> What the task requires:
Counting the line with "Dozator Pastă de" as the last one, copy out the lines of the data exactly from the first onward.

Brief descriptive captions:
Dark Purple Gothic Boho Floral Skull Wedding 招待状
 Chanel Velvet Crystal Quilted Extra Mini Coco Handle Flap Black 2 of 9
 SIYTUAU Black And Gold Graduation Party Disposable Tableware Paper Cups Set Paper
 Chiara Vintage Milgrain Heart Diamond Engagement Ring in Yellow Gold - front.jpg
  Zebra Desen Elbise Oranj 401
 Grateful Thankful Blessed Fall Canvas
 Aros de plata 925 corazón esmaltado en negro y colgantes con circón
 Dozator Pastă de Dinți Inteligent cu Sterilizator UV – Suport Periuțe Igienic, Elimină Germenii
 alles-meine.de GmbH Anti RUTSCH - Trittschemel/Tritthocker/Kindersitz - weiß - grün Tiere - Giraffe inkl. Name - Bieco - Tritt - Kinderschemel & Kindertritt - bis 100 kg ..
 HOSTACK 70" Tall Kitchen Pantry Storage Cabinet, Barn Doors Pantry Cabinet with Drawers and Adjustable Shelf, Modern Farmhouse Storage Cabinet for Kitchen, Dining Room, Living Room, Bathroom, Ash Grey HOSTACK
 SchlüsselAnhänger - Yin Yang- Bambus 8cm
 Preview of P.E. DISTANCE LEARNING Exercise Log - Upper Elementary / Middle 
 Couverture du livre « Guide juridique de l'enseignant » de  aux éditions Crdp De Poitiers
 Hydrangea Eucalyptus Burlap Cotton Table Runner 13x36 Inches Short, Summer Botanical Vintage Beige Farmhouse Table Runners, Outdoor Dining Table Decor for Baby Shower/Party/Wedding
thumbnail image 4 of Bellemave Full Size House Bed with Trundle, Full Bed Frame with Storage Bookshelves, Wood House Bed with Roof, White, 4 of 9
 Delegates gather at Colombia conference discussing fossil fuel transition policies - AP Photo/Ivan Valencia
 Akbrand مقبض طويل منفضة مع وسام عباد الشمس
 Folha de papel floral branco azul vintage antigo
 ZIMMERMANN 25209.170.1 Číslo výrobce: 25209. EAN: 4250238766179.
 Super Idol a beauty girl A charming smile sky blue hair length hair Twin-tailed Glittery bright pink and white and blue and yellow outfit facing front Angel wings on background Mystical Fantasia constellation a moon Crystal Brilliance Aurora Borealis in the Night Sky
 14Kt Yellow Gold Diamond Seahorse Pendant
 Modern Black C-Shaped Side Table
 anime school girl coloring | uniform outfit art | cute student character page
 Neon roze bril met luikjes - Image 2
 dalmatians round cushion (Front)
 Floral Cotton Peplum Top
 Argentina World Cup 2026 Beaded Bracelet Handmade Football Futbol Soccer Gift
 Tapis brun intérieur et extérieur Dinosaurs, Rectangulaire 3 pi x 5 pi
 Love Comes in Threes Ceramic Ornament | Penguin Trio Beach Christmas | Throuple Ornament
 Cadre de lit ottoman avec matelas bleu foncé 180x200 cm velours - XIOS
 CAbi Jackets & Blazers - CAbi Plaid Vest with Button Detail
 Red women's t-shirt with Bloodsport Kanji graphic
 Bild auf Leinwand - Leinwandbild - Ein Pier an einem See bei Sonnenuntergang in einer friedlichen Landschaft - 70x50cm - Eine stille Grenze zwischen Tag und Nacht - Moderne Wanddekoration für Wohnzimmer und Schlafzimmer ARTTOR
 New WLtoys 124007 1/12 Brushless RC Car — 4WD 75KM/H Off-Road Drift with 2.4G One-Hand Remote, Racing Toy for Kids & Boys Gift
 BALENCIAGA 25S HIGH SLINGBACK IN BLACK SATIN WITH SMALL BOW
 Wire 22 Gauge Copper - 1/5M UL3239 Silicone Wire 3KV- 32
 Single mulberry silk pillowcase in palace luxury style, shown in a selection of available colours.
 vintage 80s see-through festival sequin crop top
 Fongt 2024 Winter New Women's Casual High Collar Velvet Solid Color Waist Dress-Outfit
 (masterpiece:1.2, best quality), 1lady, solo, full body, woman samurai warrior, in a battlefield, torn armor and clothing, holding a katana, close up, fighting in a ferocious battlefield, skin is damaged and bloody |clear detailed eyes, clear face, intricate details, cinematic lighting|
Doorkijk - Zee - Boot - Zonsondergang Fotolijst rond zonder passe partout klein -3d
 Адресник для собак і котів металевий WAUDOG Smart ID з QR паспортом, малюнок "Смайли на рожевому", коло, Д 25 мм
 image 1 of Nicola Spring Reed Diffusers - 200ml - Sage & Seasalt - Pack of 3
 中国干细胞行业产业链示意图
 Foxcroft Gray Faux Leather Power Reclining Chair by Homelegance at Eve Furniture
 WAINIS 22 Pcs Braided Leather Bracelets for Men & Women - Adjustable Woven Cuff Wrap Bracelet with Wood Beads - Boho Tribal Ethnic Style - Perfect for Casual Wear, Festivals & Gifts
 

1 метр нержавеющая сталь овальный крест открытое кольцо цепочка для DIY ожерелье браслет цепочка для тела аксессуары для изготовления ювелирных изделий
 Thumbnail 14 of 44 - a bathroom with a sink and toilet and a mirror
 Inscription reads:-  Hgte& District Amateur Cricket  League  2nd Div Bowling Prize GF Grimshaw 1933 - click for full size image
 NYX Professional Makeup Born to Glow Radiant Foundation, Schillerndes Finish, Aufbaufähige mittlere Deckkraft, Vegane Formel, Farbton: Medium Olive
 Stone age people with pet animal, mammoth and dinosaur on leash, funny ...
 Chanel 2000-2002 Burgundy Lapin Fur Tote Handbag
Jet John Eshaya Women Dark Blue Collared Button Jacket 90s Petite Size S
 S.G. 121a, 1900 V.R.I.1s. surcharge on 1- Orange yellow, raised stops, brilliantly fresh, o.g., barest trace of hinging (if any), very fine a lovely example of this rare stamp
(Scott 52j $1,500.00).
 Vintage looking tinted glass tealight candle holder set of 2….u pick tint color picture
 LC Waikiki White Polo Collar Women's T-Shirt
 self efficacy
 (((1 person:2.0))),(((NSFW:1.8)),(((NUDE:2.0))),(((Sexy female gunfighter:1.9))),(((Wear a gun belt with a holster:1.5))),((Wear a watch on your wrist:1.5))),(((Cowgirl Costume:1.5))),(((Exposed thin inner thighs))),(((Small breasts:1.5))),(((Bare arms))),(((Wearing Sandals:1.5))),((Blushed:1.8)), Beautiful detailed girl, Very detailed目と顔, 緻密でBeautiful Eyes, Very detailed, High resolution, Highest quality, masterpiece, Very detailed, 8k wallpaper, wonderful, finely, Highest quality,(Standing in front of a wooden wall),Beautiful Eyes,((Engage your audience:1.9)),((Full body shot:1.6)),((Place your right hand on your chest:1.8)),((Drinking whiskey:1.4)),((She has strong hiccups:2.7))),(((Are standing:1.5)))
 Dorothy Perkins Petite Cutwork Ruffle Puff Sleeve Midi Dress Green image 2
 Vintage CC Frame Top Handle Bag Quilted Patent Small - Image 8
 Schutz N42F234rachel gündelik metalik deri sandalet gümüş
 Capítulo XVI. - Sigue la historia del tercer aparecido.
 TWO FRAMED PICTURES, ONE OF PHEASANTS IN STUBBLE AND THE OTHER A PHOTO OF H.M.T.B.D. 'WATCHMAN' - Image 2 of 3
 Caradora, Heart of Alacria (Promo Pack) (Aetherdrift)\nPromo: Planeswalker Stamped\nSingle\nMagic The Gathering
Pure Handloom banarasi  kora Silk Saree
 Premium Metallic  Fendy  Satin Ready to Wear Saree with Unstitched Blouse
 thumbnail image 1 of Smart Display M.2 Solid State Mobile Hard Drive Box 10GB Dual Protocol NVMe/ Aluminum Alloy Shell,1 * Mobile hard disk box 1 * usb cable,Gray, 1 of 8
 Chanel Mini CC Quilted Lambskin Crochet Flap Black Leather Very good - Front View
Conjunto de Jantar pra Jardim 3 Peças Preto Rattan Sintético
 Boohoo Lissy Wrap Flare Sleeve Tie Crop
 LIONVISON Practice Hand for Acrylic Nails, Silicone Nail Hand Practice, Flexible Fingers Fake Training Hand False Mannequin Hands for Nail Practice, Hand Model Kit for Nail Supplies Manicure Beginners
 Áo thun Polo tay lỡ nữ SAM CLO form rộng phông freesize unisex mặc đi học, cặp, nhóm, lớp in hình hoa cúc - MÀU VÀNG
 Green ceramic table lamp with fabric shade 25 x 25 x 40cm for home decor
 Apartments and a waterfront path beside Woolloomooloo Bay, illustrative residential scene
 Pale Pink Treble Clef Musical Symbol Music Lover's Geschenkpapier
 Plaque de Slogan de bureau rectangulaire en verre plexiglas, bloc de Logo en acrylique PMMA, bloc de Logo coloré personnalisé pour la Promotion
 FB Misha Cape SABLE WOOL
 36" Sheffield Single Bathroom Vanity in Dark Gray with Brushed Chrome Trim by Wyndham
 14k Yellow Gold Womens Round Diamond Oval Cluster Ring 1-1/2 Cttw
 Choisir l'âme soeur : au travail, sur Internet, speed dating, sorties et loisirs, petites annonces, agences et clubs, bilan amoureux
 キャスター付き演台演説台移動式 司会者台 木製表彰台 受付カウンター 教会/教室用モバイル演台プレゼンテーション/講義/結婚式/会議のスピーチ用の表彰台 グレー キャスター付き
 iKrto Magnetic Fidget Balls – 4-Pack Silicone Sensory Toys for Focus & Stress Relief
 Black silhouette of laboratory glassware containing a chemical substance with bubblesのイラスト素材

> Solution for this task:
Dark Purple Gothic Boho Floral Skull Wedding 招待状
 Chanel Velvet Crystal Quilted Extra Mini Coco Handle Flap Black 2 of 9
 SIYTUAU Black And Gold Graduation Party Disposable Tableware Paper Cups Set Paper
 Chiara Vintage Milgrain Heart Diamond Engagement Ring in Yellow Gold - front.jpg
  Zebra Desen Elbise Oranj 401
 Grateful Thankful Blessed Fall Canvas
 Aros de plata 925 corazón esmaltado en negro y colgantes con circón
 Dozator Pastă de Dinți Inteligent cu Sterilizator UV – Suport Periuțe Igienic, Elimină Germenii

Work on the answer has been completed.